2.       Berikan materi kepada tim untuk dipelajari bersama.
3.       Buatlah beberapa pertanyaan yang menguji pemahaman / pengingatan akan materi pelajaran. Gunakan format yang memudahkan penilaian sendiri, misalnya pilihan ganda, mengisi titik-titik, atau benar / salah.
4.       Berikan sebagian pertanyaan kepada siswa. Sebutlah ini sebagai ronde pertama dari tournament belajar (tiap siswa harus menjawab pertanyaan secara perseorangan).
5.       Setelah pertanyaan diajukan. Sediakan jawabannya dan perintahkanlah siswa untuk menghitung jumlah pertanyaan yang mereka jawab dengan benar. Selanjutnya perintahkan mereka untuk menanyakan skor mereka dengan tiap anggota tim mereka untuk mendapat skor tim. Umumkan skor untuk tiap tim.
6.       Perintahkanlah mereka untuk belajar lagi untuk ronde kedua dalam tournament. Kemudian ajukan pertanyaan tes lagi sebagai bagian dari ronde kedua. Perintahkan tim untuk sekali lagi menggabungkan skor mereka dan menambahkannya ke skor mereka di ronde pertama.
7.       Anda bisa membuat ronde sebanyak yang anda mau, namun pastikan untuk memberikan kesempatan tim untuk menjalani sesi belajar antara masing-masing ronde.
        Berdasarkan beberapa prosedur di atas dapat dijelaskan bahwa pembelajaran kooperatif model Turnament Game Team (TGT) memiliki kelebihan dari metode pembelajaran yang lain seperti metode ceramah, Tanya jawab dan sebagainya. Selanjutnya dapat disimpulkan urgensi dari pembelajaran kooperatif model Turnament Game Team (TGT) antara lain :`
a.       Dapat melatih mental siswa dalam berkompetisi dengan teman yang lain dalam belajar.
b.      Secara tidak langsung siswa dituntut untuk belajar lebih giat agar mampu menjawab pertanyaan-pertanyaan baik dari guru maupun dari kelompok lain.
c.       Dengan belajar kelompok siswa dapat menyelesaikan tugas belajar dengan mudah dan dapat saling bertukar pendapat satu sama lain.
d.      Siswa dapat saling tolong menolong dalam belajar.

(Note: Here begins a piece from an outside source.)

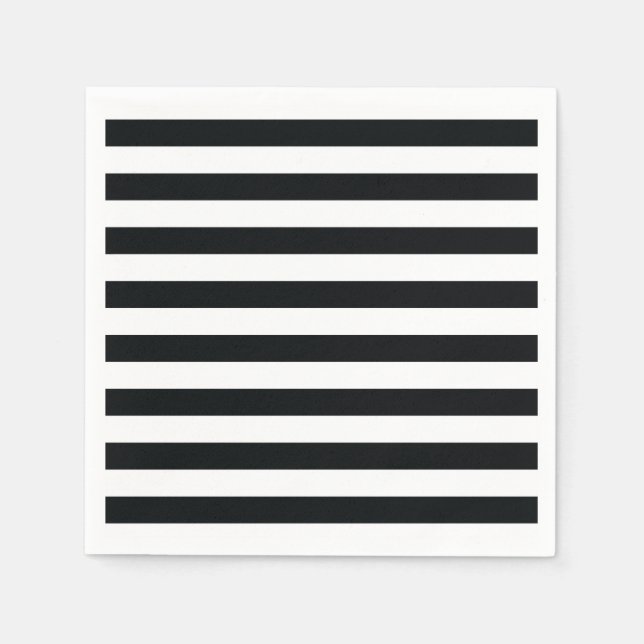 Chic Black & White Stripes Napkins (Front)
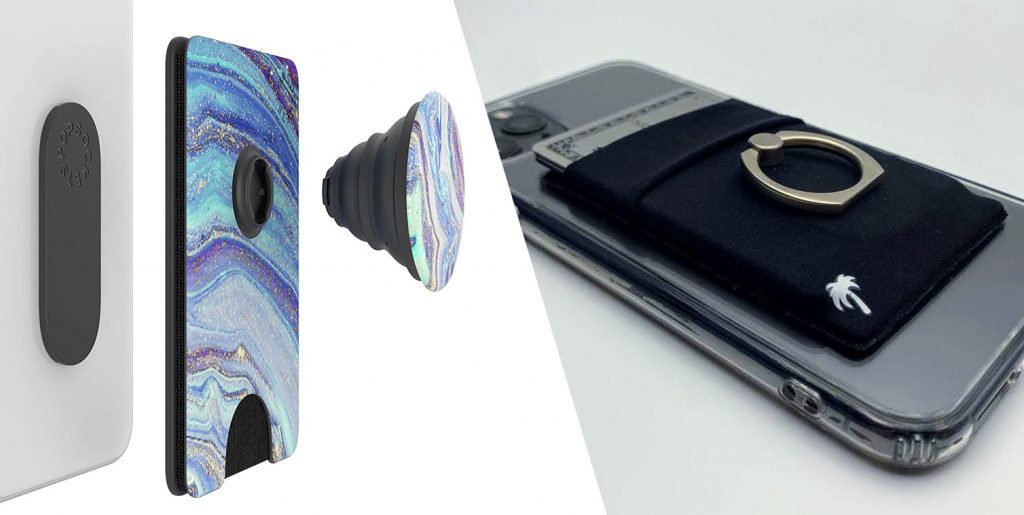 image showing a PopWallet and PopSocket combo vs a Sticky Wallet Ring Holder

                Sehubungan dengan penelitian ini, maka penerapan model pembelajaran tife Turnament Game Team (TGT) akan berpedoman pada pendapat yang dikemukakan oleh Slavin yaitu penyajian kelas, kelompok, game, tournament, dan penghargaan kelompok.

2.     Hakikat Motivasi Belajar
            Motivasi merupakan salah satu komponen yang amat penting dalam pembelajaran dan merupakan sesuatu yang sulit diukur. Kemauan untuk belajar merupakan hasil dari berbagai factor, yaitu kepribadian, kebiasaan, serta karakteristik belajar siswa. Motivasi belajar secara etimologi berasal dari kata motivasi dan belajar. Secara sederhana motivasi belajar dapat diartikan sebagai dorongan dalam diri seseorang untuk melakukan perbuatan belajar. Motivasi belajar penting bagi siswa dan guru.
                Sarlito Wirawan (1982; 64) menyatakan bahwa motif atau dalam bahasa Inggrisnya “motive”, berasal dari kata”motion”, yang berarti gerakan atau sesuatu yang bergerak. Dengan demikian dapat dikatakan bahwa suatu motif adalah keadaan kejiwaan yang mendorong, mengaktifkan atau menggerakkan dan motif itulah yangmengarahkan dan menyalurkan perilaku, sikap, dan tindak tanduk seseorang yang selalu dikaitkan dengan pencapaian tujuan, baik tujuan organisasi maupun tujuan pribadi masing-masing anggota organisasi.
                David B. Guralnik dalam Moekijat (2002; 4) mengemukakan bahwa, “motif an inner drive, impulse, etc. that causes one to act”. Motif adalah suatu perangsang dari dalam, suatu gerak hati, dan sebagainya yang menyebabkan seseorang melakukan sesuatu.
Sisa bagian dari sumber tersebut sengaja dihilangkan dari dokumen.